1980 schließlich entdeckte sie der Dießener Pfarrer Msgr.Heinrich Winterholler bei einem Antiquitätenhändler in Köln. Der kunstsinnige Priester war auf der Suche nach einer kleinen Orgel für seine in altem Gemäuer neu errichtete Sankt-Stephanuskirche und erkannte auf den ersten Blick den Wert des Instrumentes.
Zunächst vermutlich unbespielbar, wurde sie notdürftig instand gesetzt, was ihrem Originalitätsgrad nicht unbedingt zum Vorteil gereichte.

Trotz aller Maßnahmen stellte sich heraus, daß der geringe Tastenumfang und die hohe Basistonlage des Instrumentes den liturgischen Einsatz ausgesprochen schwierig machten. So wurde eine neue Orgel angeschafft, unsere 'alte Dame' wurde ins 'Heim' verfrachtet, was in diesem Fall das ein Stock höher gelegene Kirchenmuseum bedeutete. Dort dämmerte sie unbeachtet und sicherlich gelangweilt vor sich hin, bis 1992 ein neuer Organist in ihr Leben trat.

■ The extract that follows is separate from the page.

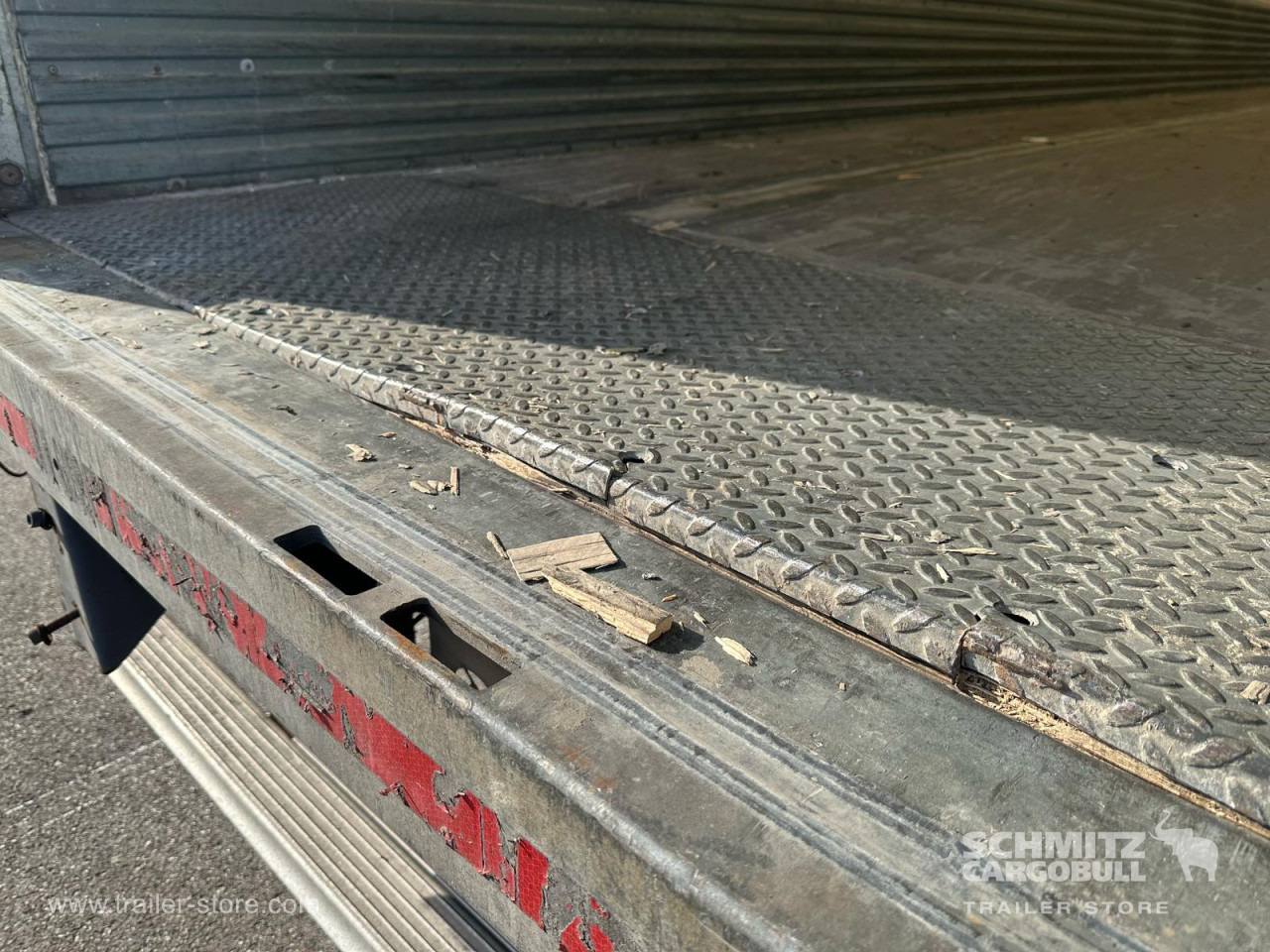 LECI TRAILER Dryfreight Standard Roller shutter door - Poluprikolica sa zatvorenim sandukom: slika 5 LECI TRAILER Dryfreight Standard Roller shutter door - Poluprikolica sa zatvorenim sandukom: slika 5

Dessen Aufmerksamkeit galt, auch zur Freude des Pfarrherrn, nicht nur der großen Orgel des benachbarten Marienmünsters, sondern vor allem der schlafenden, reifen Schönheit im Museum. Der Priester opferte einen stattlichen Geldbetrag aus seiner Privatschatulle, und die Erweckung konnte beginnen.

Die Windladen und die Mechanik waren noch relativ einfach instand zu setzen, aber die Restaurierung des Pfeifenwerkes gestaltete sich schwierig. Besonders die Rekonstruktion des Pfeifenwerkes forderte vom Orgelbauer Jean-Paul Edouard geradezu dedektivischen Spürsinn. Bei vorangegangenen Reparaturen wurden Pfeifen umgesteckt oder einfach entfernt. Diese wieder an ihren angestammten Platz zu bringen oder adäquat zu ersetzen war eines der Hauptprobleme. Da alle Pfeifen aus Metall sind, und von ähnlicher Gestalt, ähneln sie sich wie ein Ei dem anderen. Erst durch die Hinweise von Francis Chapelet, einem anerkannten Experten für alte spanische Orgeln, konnte der Fall geklärt werden.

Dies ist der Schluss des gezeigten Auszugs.